Tidak ada yang istimewa dengan postur kabinet yang disiapkan Presiden Terpilih Joko Widodo. Besarnya jatah kementerian yang akan diduduki kader partai politik dinilai karena kuatnya pengaruh tekanan politik, terutama dari Ketua Umum Partai Demokrasi Indonesia Megawati Soekarnoputri dan Wakil Presiden terpilih, Jusuf Kalla.
“Jadi tidak istimewa. Profesional parpol itu istilah mengelabui saja," ujar peneliti bidang politik dari Center for Strategic and International Studies (CSIS) Arya Fernandes kepada pers, Rabu (17/09).
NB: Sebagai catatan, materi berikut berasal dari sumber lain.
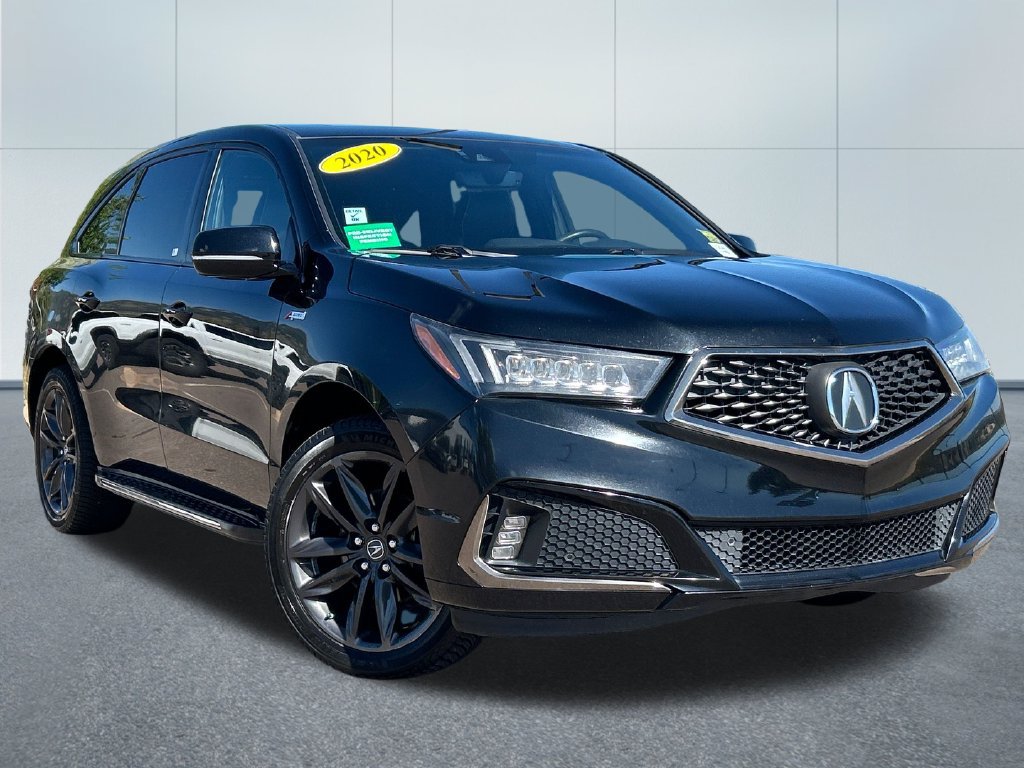 Used 2020 Acura MDX w/ Technology Package AWD/4WD image 35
Postur kabinet ini menggambarkan, Jokowi tidak mampu lepas dari aktor-aktor politik yang bermain di belakangnya. “Sangat jelas ada aktor-aktor politik yang bermain di balik ini tidak bisa dilepaskan oleh Jokowi,” ujar dia.
Arya mengatakan tidak ada yang istimewa dari komposisi kabinet yang diumumkan Jokowi itu. Justru awalnya, banyak yang memprediksi Jokowi sesuai janjinya saat kampanye akan memberi porsi lebih besar kepada profesional lebih dari 20 kementerian.
"Saya agak terkejut dengan komposisi 18 kursi profesional. Karena espektasi publik besar terhadap Jokowi, harusnya dibuktikan dengan porsi besar bagi profesional. Itu menunjukkan bahwa kepentingan politik di balik penetapan kuota itu sangat tinggi," ujar Arya.
Menurut Arya, setidaknya ada beberapa aktor yang sangat menentukan dalam penentuan komposisi kabinet Jokowi-JK. “Saya kira yang paling banyak saham itu kan PDIP. PDIP yang paling berkepentingan untuk tempatkan kadernya. PDIP di sini Megawati sebagai ketum. Kedua, saya kira faktor aktor JK," ujar Arya.
Menurut Arya, jika dikelompokkan setidaknya ada 3 aktor yang berperan dalam penentuan komposisi kabinet Jokowi-JK. Pertama aktor parpol koalisi, yaitu PDIP, PKB, NasDem, Hanura, dan PKPI. Kedua, aktor Megawati dan JK.
"Selanjutnya, aktor bisnis. Kalau tidak salah di KIB jilid 2 itu komposisinya 17-17. Sekarang hanya nambah satu, kurang satu. Jadi tidak istimewa,” tandas dia.